A View from the Hill The Study, Study, Study, or Work, Work, Work?
By Austin Henry
It is not uncommon for many students to pick up an afterschool job in order to make a few bucks. The reality of this seems is incredibly long days consisting of seven hours of school, followed by another five hours of work. That ends up being a 12-hour day which can sometimes be a lot for a functioning adult. So how do kids who are between 14-18 even dream of handling this?
Junior Lyla Fagan, who has spent most of her time in high school working a part-time job, works 4-6 hours after school on weekdays. While available free hours often compete with each other, according to Fagan, being busy actually works to her advantage.

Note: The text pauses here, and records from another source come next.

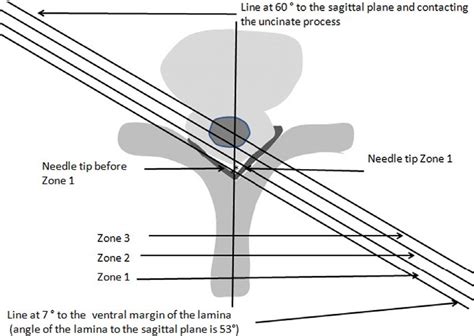 Image result for Contralateral Oblique View
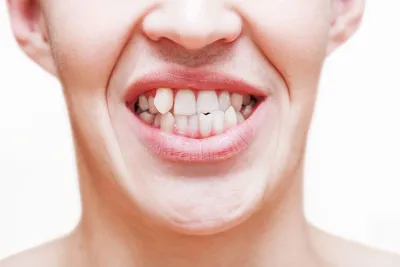 Неправильный прикус зубов - виды, причины, как определить, лечение  (брекеты) у ребенка и взрослых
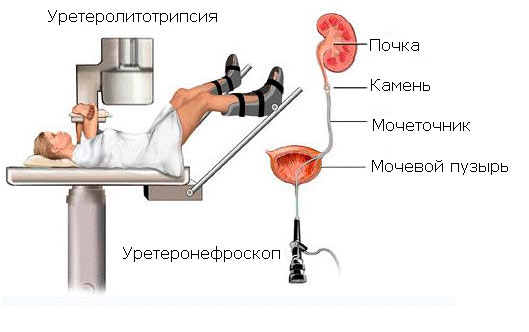 kontaktnaya-transuretralnaya-ureterolitotripsiya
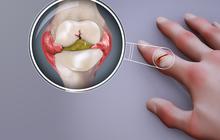 5 Penyebab Rematik Kambuh, Waspadai Makanan yang Memicunya
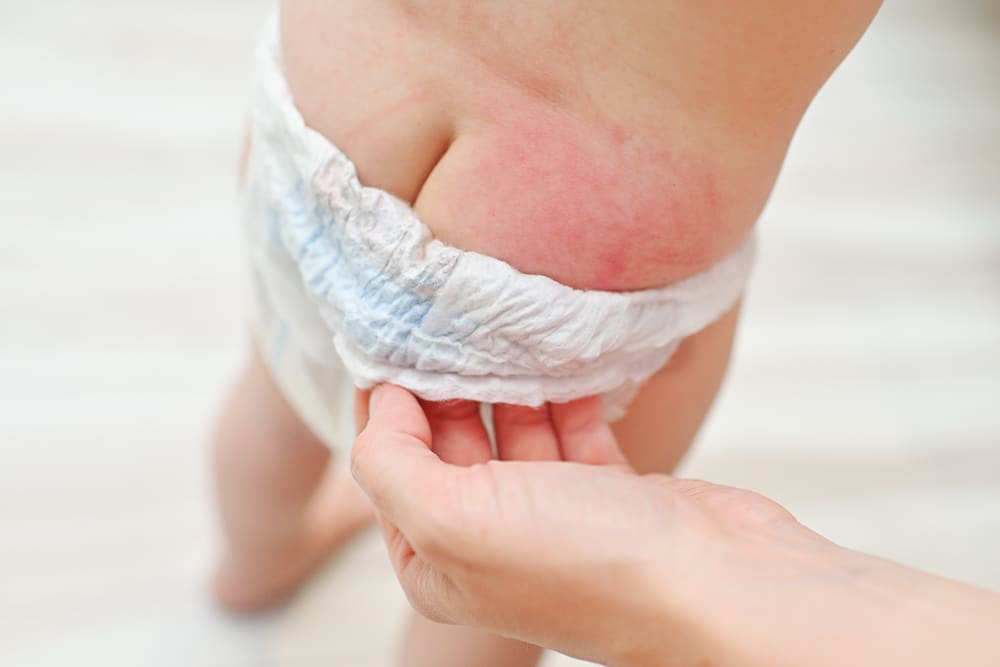 What are the Causes of a Diaper Rash?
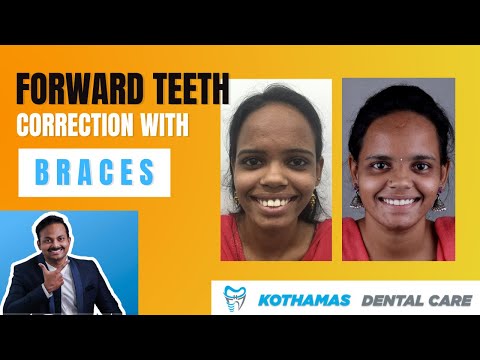 Forward Teeth Correction With Braces - by Dr.Praneeth Kumar
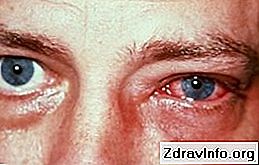 Episkleritída oka: príznaky, typy ochorení, jej diagnóza a metódy liečby 👃👃 Portál Sínus A Ďalšie. - 2025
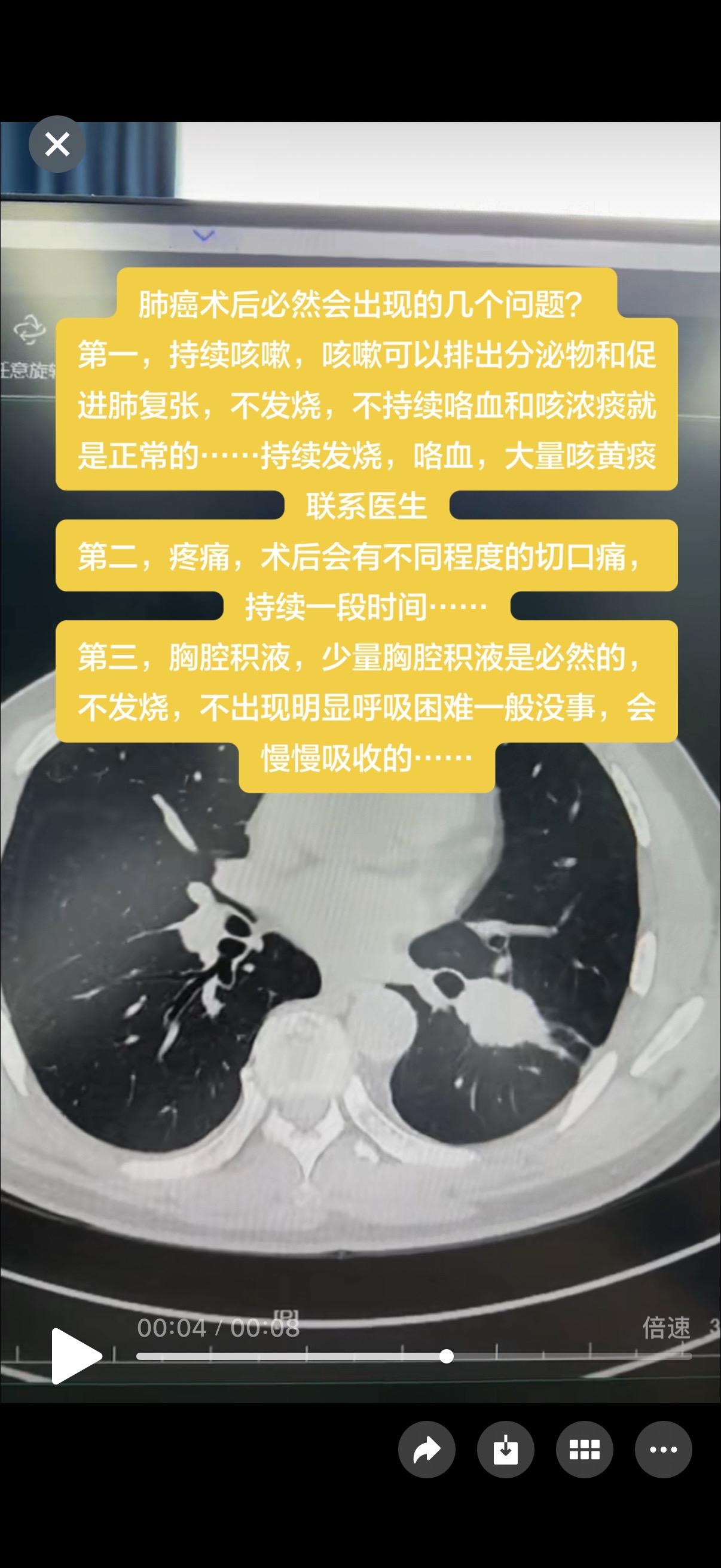 肺微创手术后的一些问题……肺癌术后必然会出现的几个问题？ 第一，持续咳...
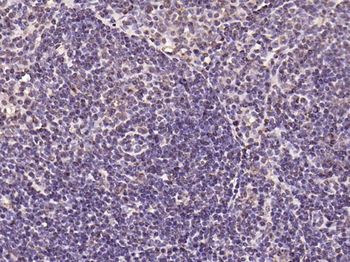 Phospho-IKB alpha (Tyr305) Rabbit Polyclonal Antibody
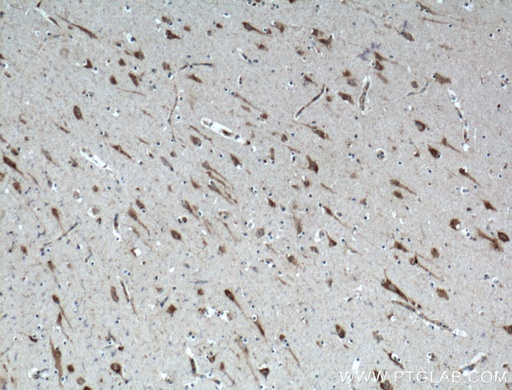 [27117-1-AP-150UL] PTN Polyclonal antibody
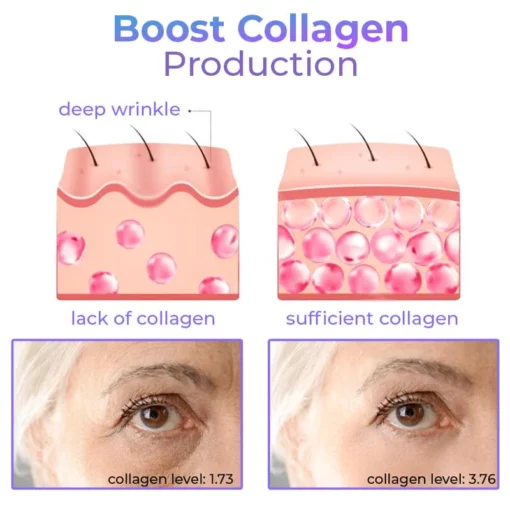 Zaren Collagen Mai Soluble & Nano Platinum Essence Facial Firming Set - Hoto 7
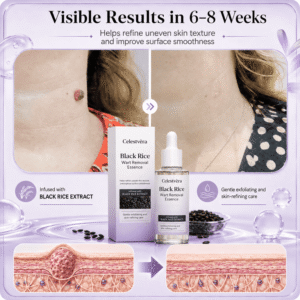 Celestvèra Black Rice Wart Removal Essence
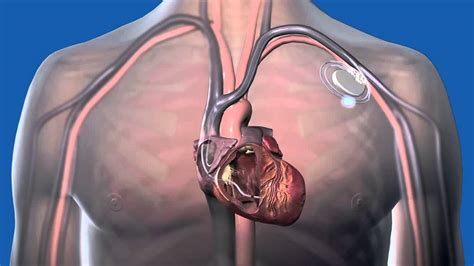 What is a pacemaker ? - YouTube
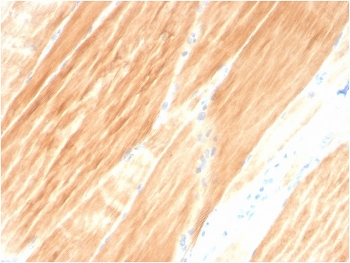 IHC staining of FFPE human skeletal muscle tissue with Actinin Alpha 2 antibody (clone ACTN2/3295). HIER: boil tissue sections in pH 9 10mM Tris with 1mM EDTA for 10-20 min and allow to cool before testing.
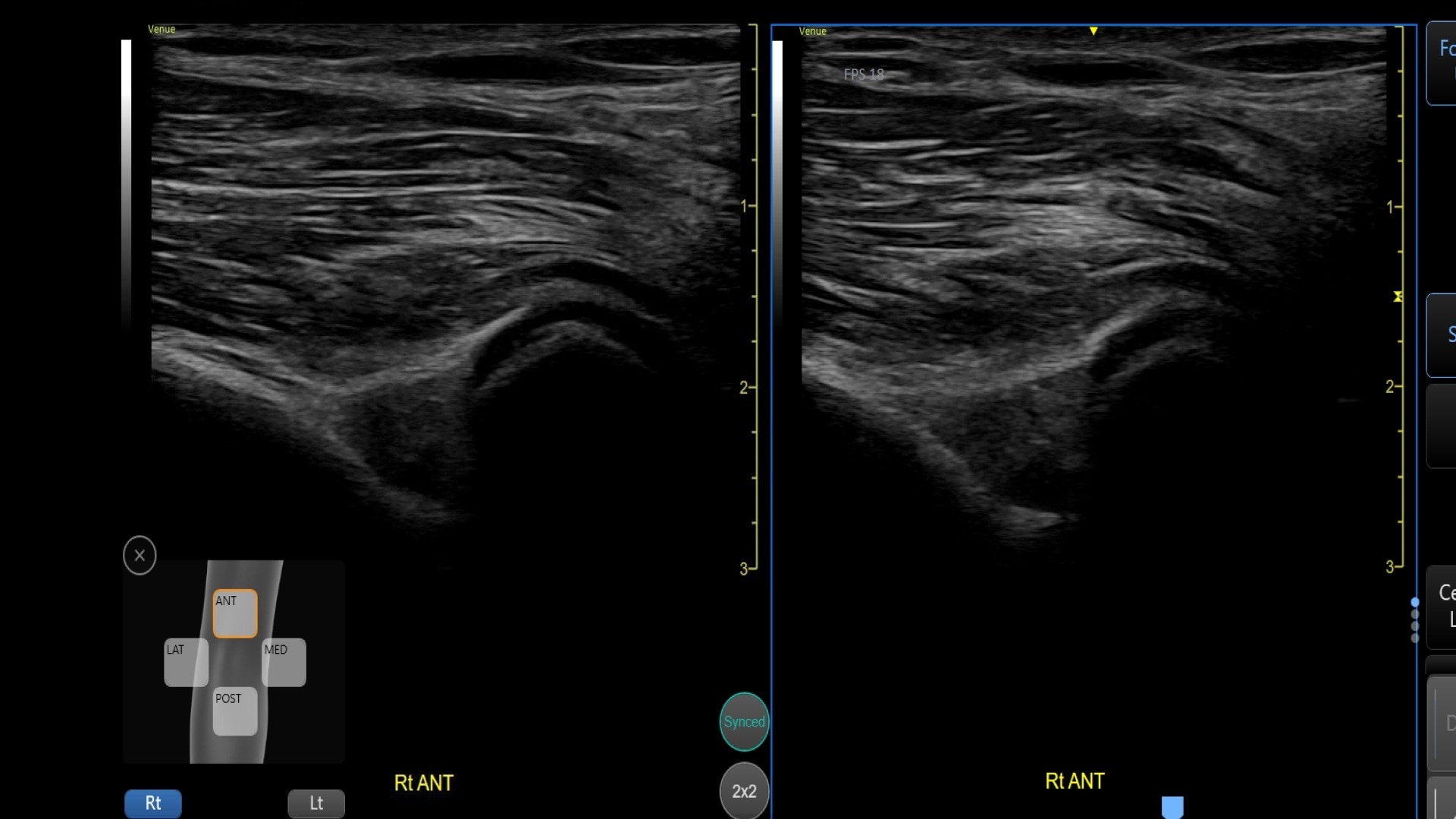 Product Media Carousel Image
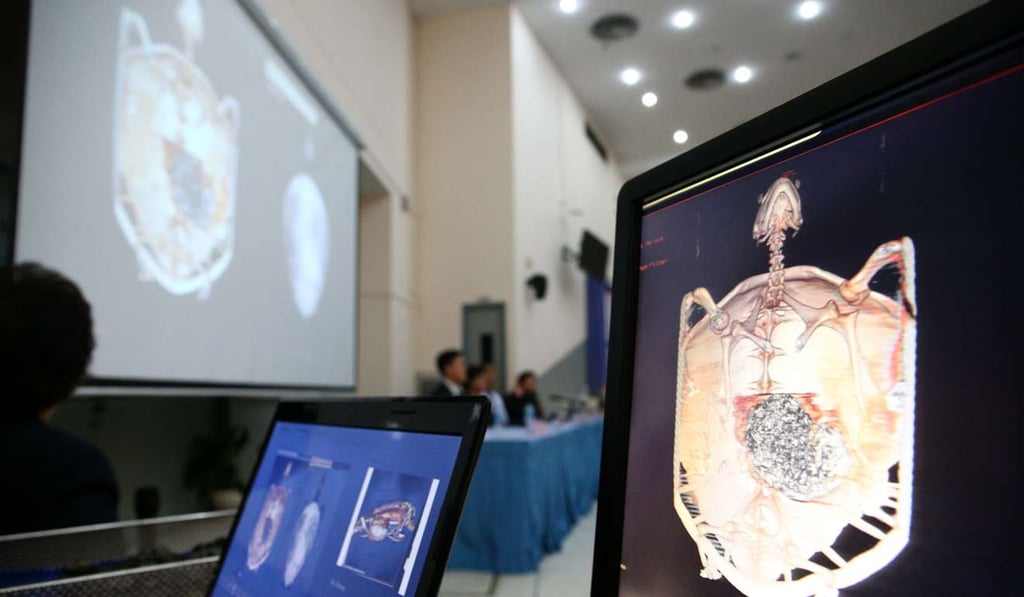 Screens show a CT scan of Omsin during a news conference at Chulalongkorn University in Bangkok on Monday, her belly packed with coins. Photo: Reuters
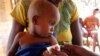 Le bras d'un enfant est mesuré dans un centre mis en place par le PAM et Action contre la Faim, dans le village de Beraketa, à l'extrême sud de Madagascar. 12 novembre 2020.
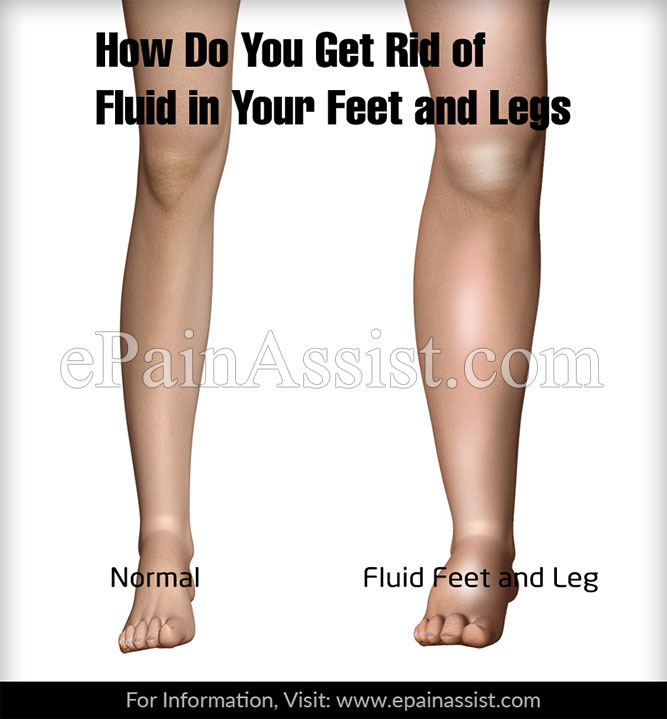 How Do You Get Rid of Fluid in Your Feet and Legs?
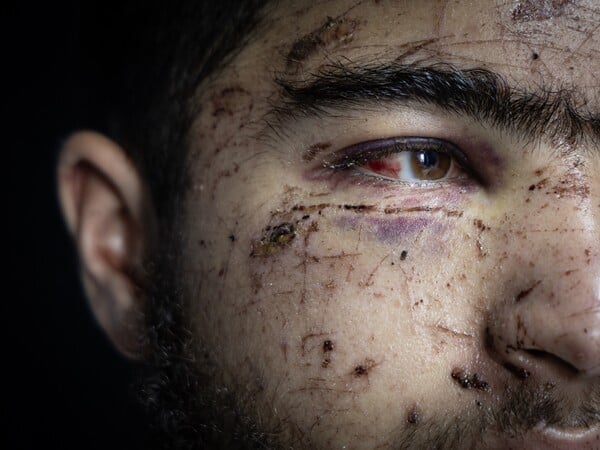 Ανατομία μιας απαγωγής από έποικους 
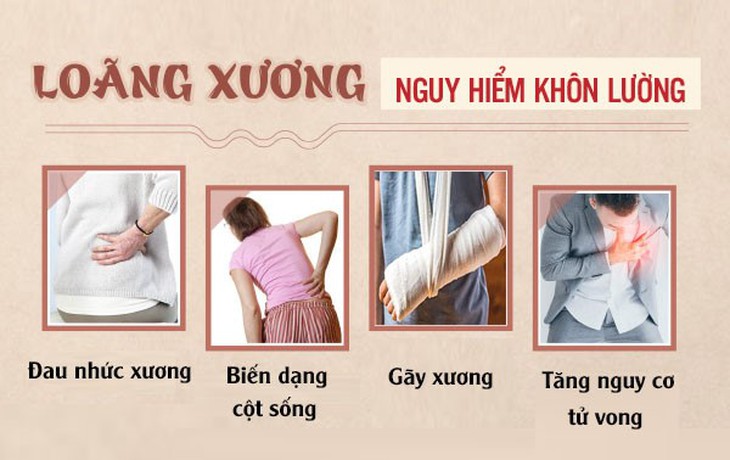 Tuổi già “xanh” nhờ dự phòng và điều trị loãng xương đúng cách - Ảnh 2.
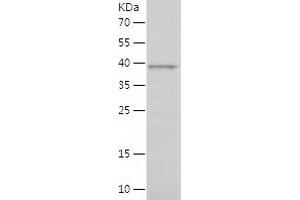 C9ORF72 Protein (AA 1-198) (His-IF2DI Tag)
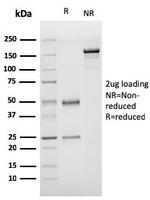 von Willebrand Factor/Factor VIII Related-Ag (Endothelial Marker) Antibody in SDS-PAGE (SDS-PAGE)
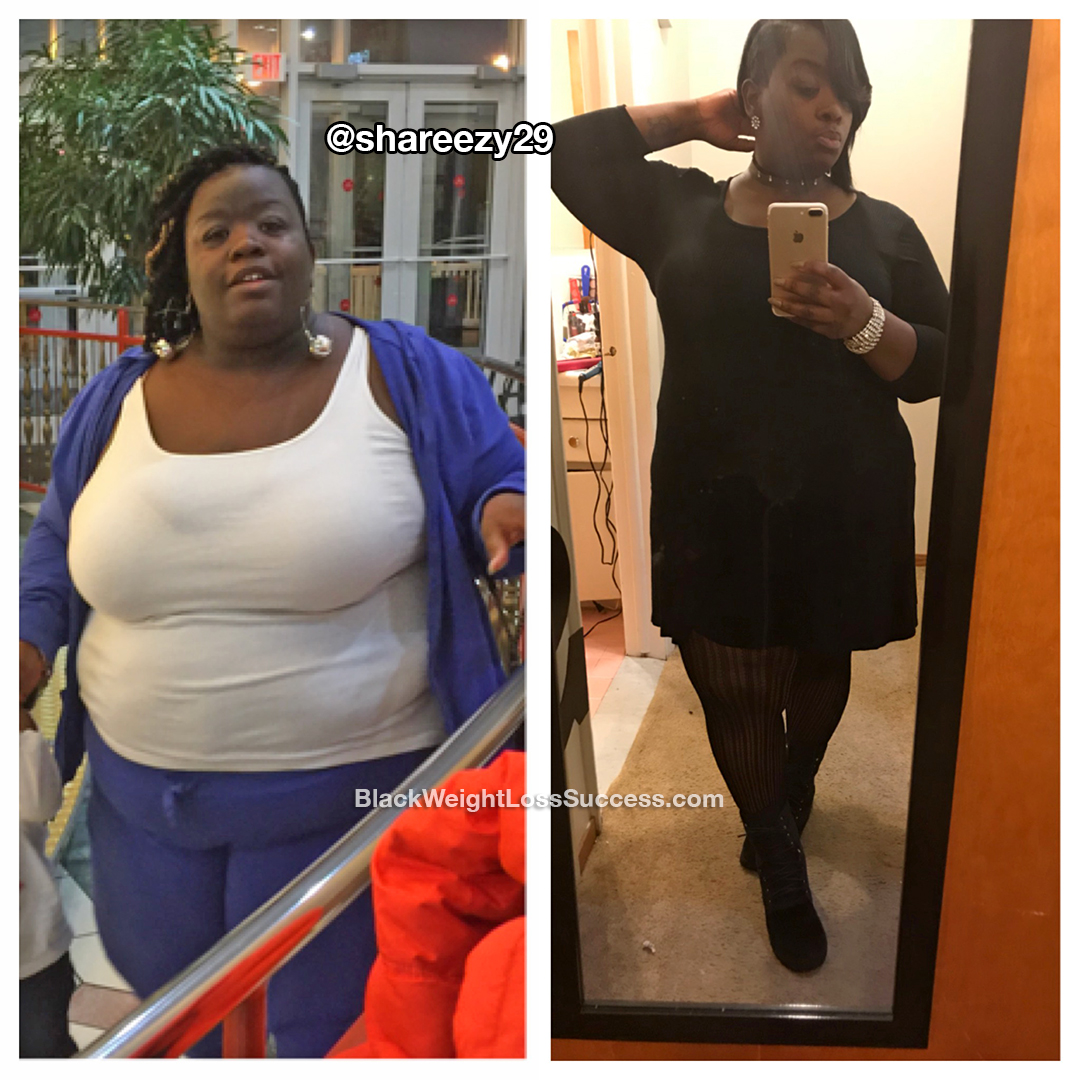 sharonda before and after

“It [working] doesn’t affect me much,” Fagan said. “If anything, I feel more productive by the end of the week when I have all of my work done and I made some money.”
Junior Kate Gaspa, sings a similar tune as Lyla, however, juggling both commitments can often be challenging.
“It [working] gives me something to do when I am bored,” Gaspa said. “But it can be very stressful getting days off of work for school-related stuff”.
The binding nature of a job can be hard for a high schooler, especially because this is a time of your life when change is happening all the time.
Balancing sports, clubs, and other activities on top of this can be difficult as well especially because sports schedules aren’t always super consistent and can sometimes be a dart board of different times and days. This makes it difficult to work a job that has very strict hours and days that you need to be working. As Fagan said “it’s all about managing your time correctly”.
With all of this combined, sophmore Brendan Fitzsimmons says struggles finding time to spend with family and friends with other obligations taking up so many hours in the week.
“I feel like working and going to school makes it difficult to hang out with friends and family,” Fitzsimmons said.
Although, Fitzsimmons’ answer was very decisive when asked if all the juggling is worth it.
“Yes, because working gives me experience that I’ll need in the future, and money,” Fitzsimmons said.
Lack of money appears to be the main motivator for taking on a job for high school students, whether they’re spending money on their family, college, or even just a movie with friends, expenses all add up quickly.
Do you think that high school students should work? Is it valuable experience or should kids be left to play?
That is this month’s View from the School on the Hill!